== MATERIAL FOR THIS EXERCISE ==
^^^^^^^^
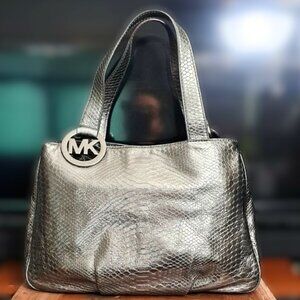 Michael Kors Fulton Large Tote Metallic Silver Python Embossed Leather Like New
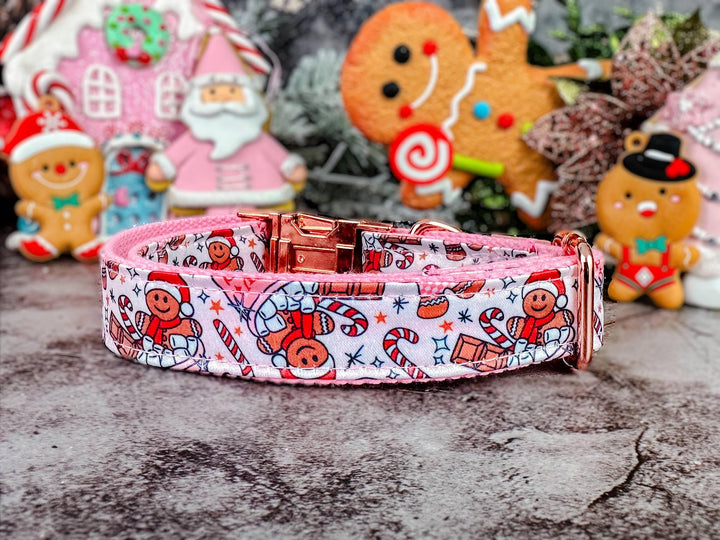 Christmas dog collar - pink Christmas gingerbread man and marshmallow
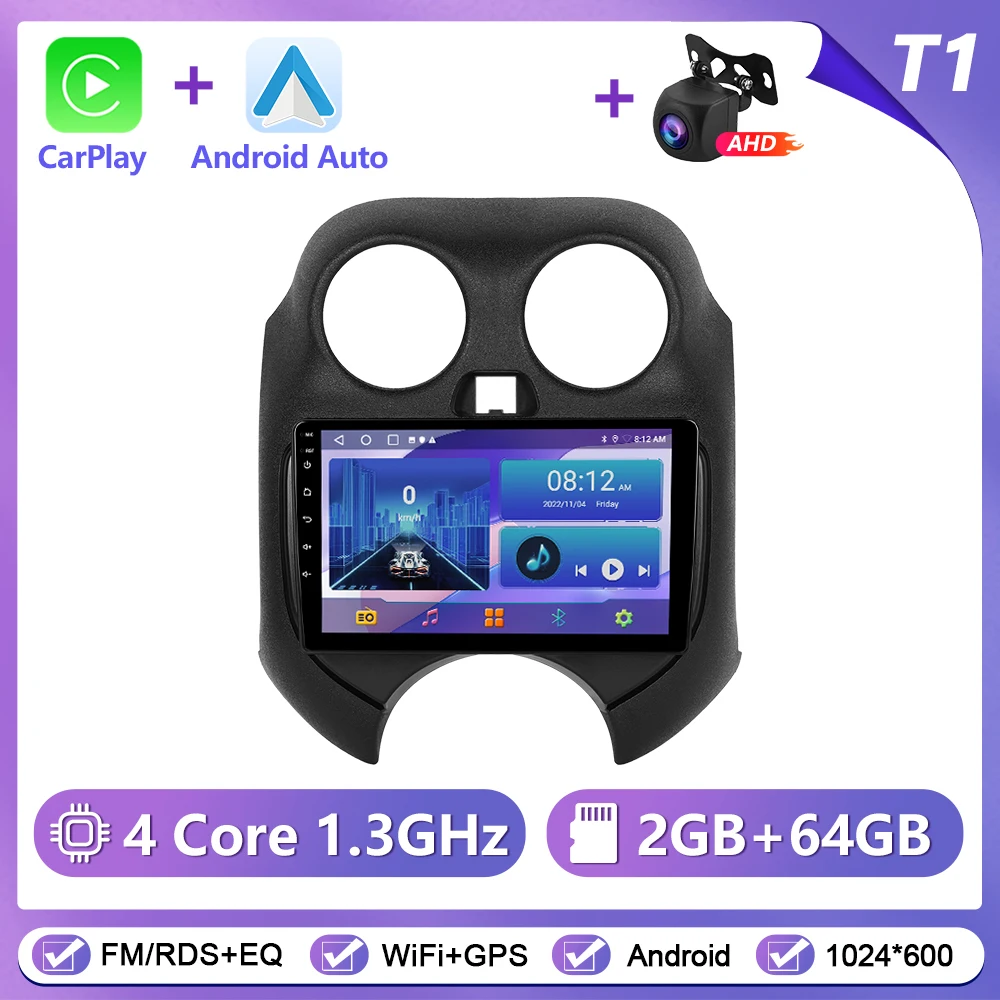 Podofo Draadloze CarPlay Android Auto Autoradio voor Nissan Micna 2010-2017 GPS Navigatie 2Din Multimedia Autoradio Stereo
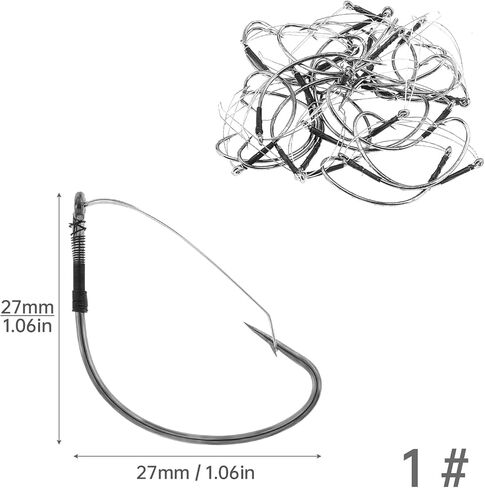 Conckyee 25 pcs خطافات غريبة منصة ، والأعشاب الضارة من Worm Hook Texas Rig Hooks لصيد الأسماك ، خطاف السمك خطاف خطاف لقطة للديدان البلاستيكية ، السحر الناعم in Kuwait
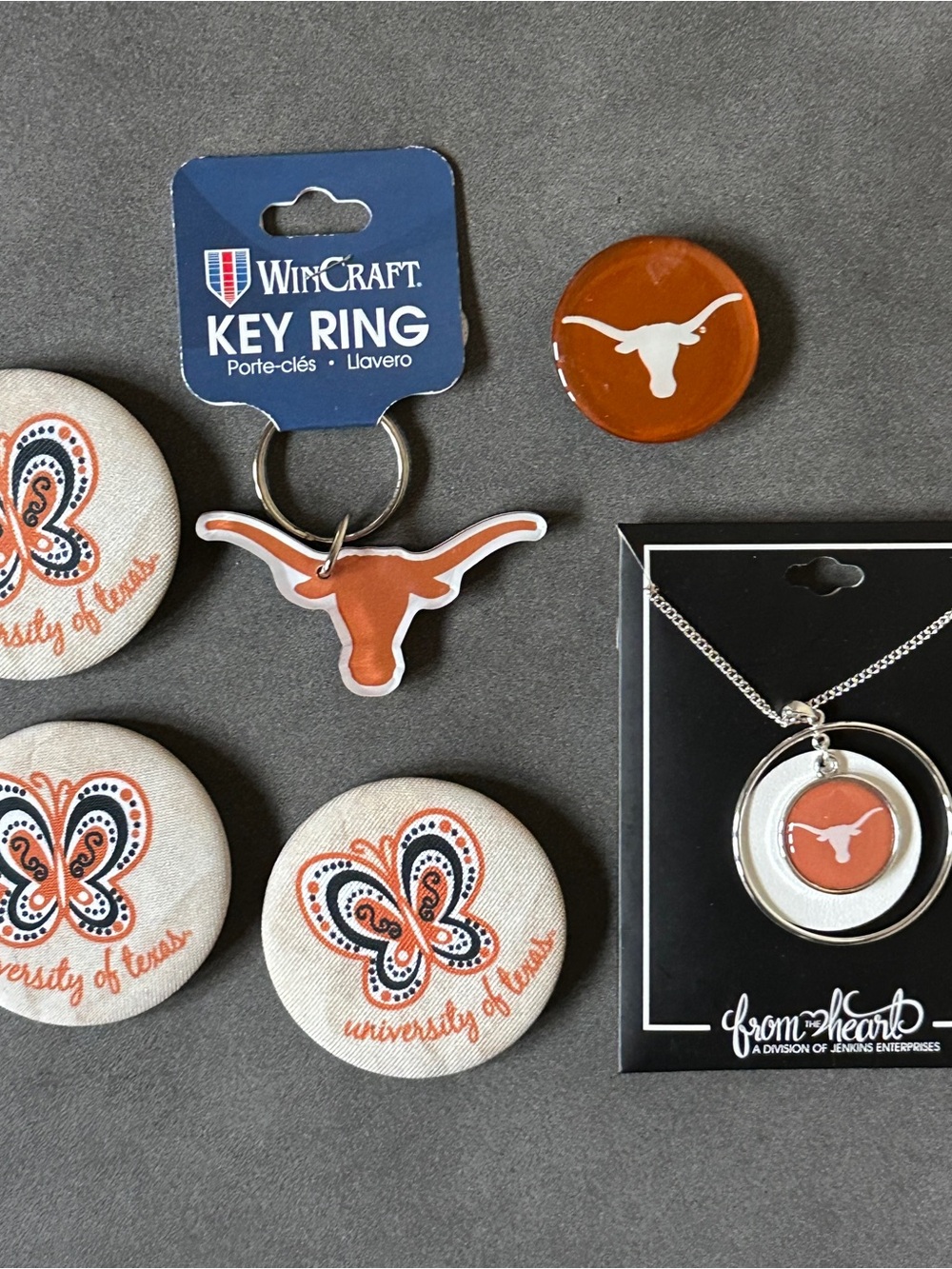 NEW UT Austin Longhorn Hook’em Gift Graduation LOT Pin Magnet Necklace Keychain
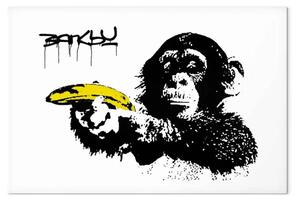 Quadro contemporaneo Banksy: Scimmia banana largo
^^^^^^^^
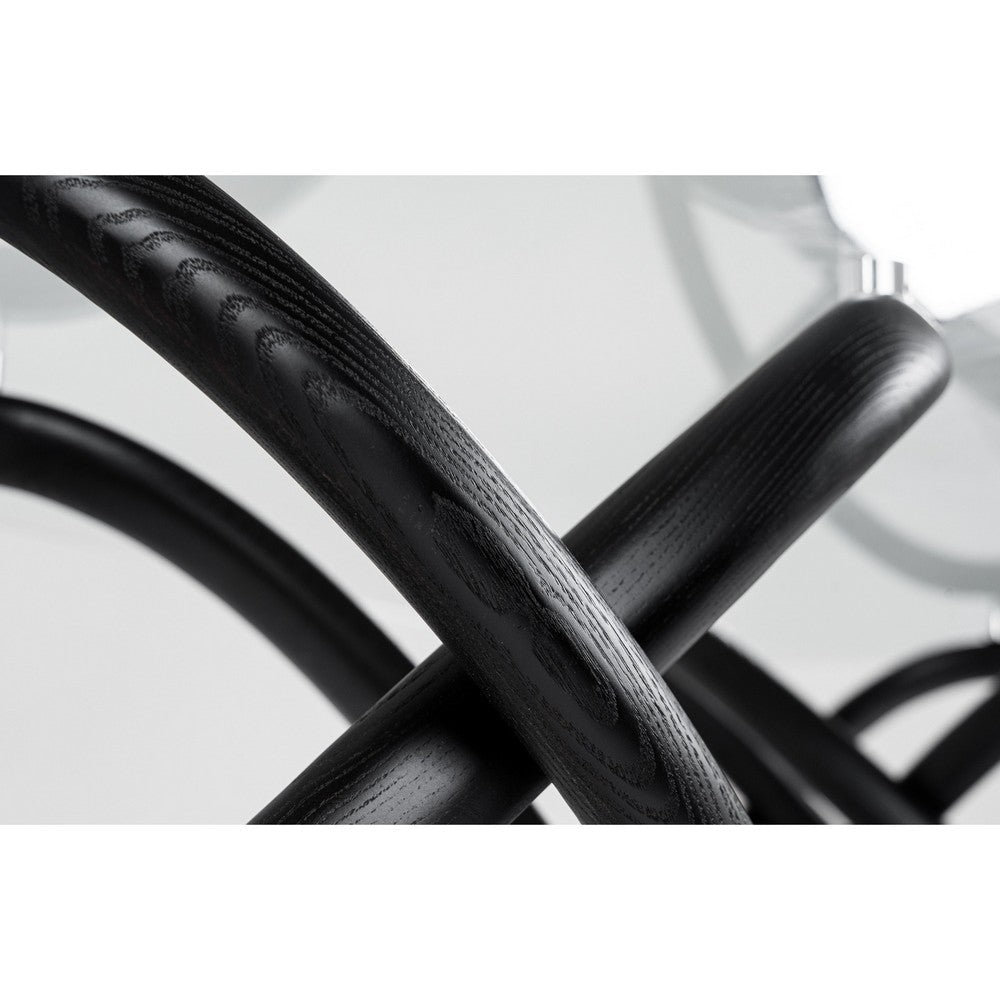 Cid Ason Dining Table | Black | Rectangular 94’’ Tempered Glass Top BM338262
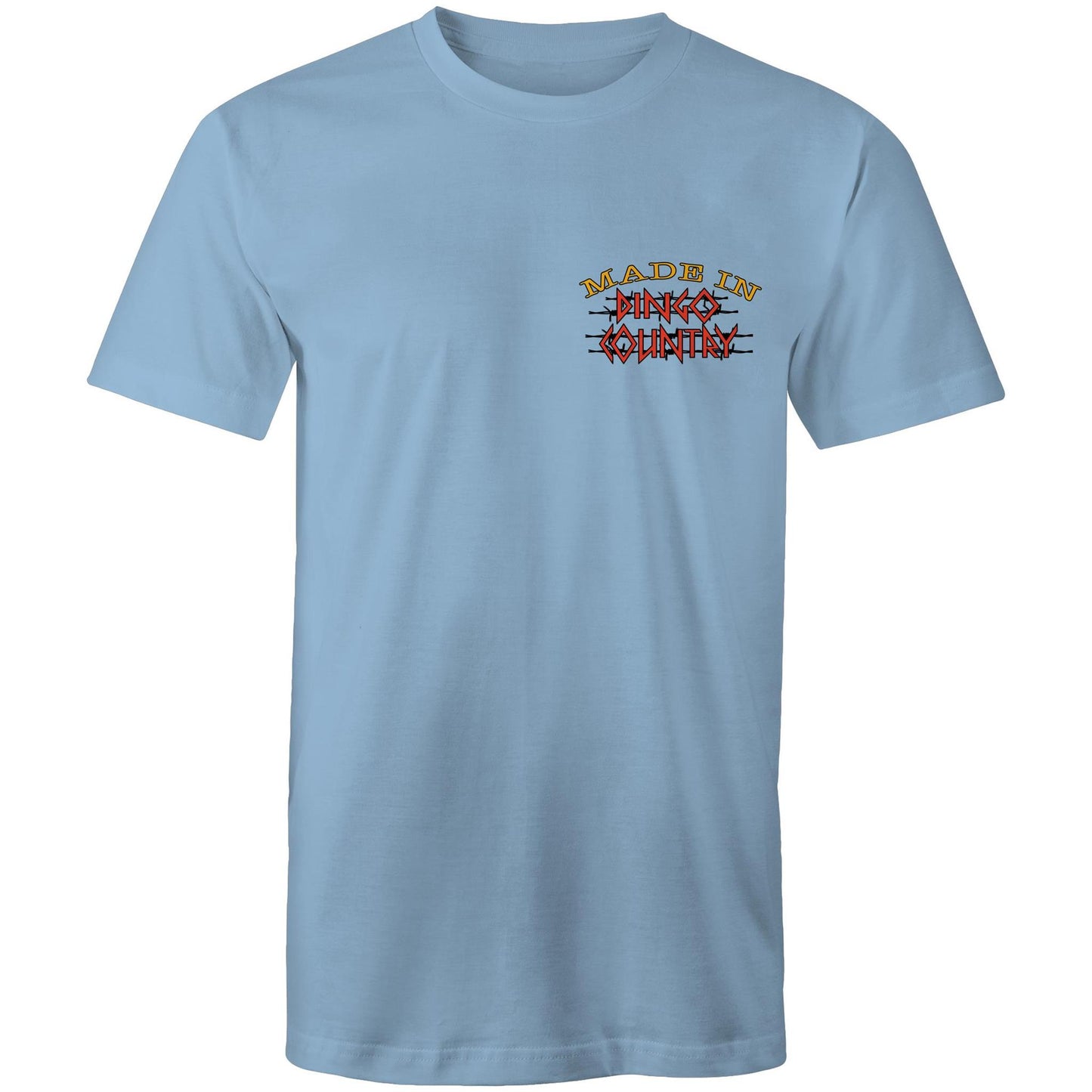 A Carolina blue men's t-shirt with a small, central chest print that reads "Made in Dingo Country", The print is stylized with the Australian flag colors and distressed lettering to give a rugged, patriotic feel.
^^^^^^^^
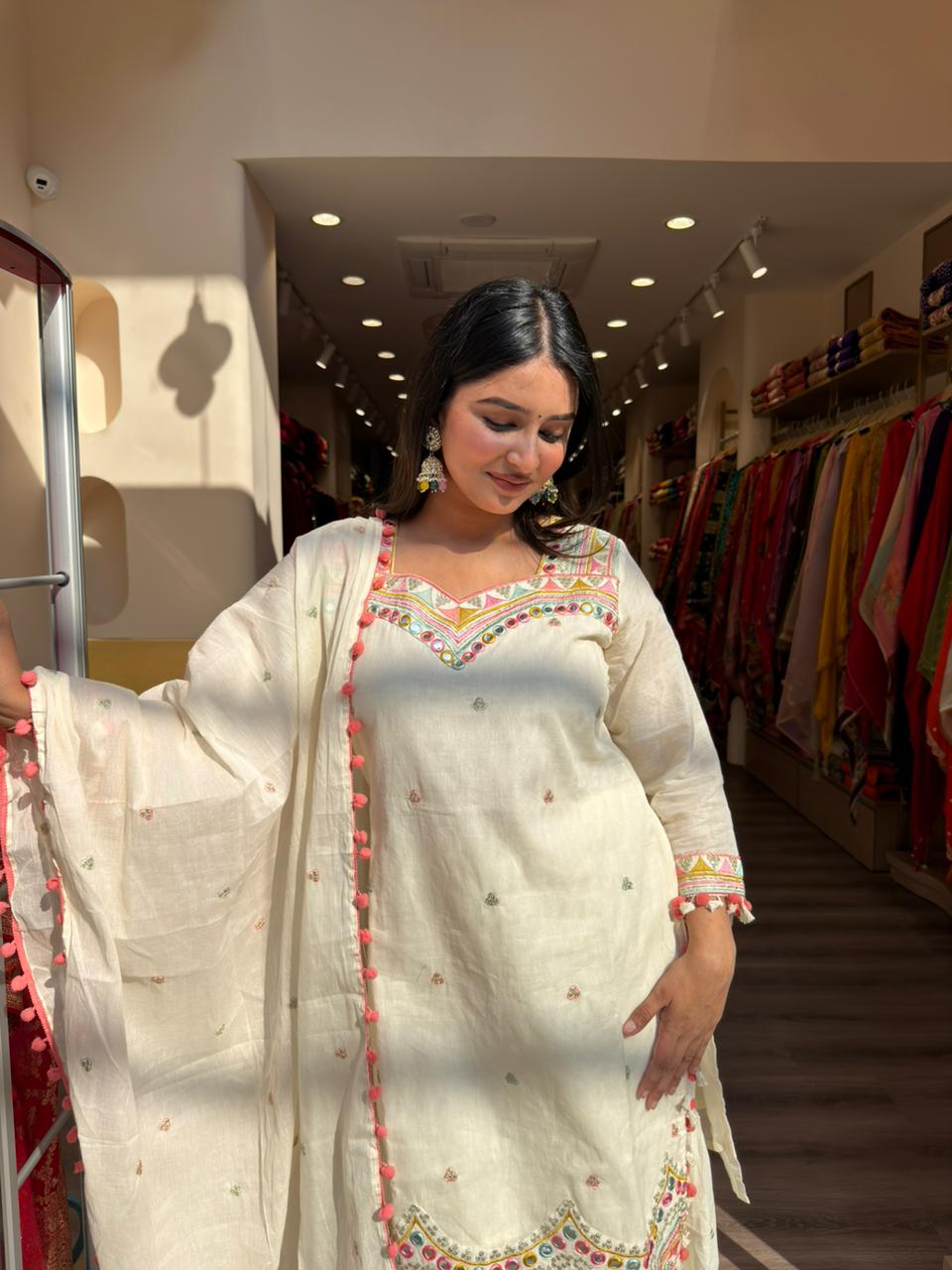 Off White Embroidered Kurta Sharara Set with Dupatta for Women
^^^^^^^^
== ASSIGNMENT ==
Would you restate, exactly and with no pictures, the lines of the entries above from the one containing "Michael Kors Fulton" through the one containing "Conckyee 25 pcs"?

== SOLUTION TO THIS EXERCISE ==
 Michael Kors Fulton Large Tote Metallic Silver Python Embossed Leather Like New
 Christmas dog collar - pink Christmas gingerbread man and marshmallow
 Podofo Draadloze CarPlay Android Auto Autoradio voor Nissan Micna 2010-2017 GPS Navigatie 2Din Multimedia Autoradio Stereo
 Conckyee 25 pcs خطافات غريبة منصة ، والأعشاب الضارة من Worm Hook Texas Rig Hooks لصيد الأسماك ، خطاف السمك خطاف خطاف لقطة للديدان البلاستيكية ، السحر الناعم in Kuwait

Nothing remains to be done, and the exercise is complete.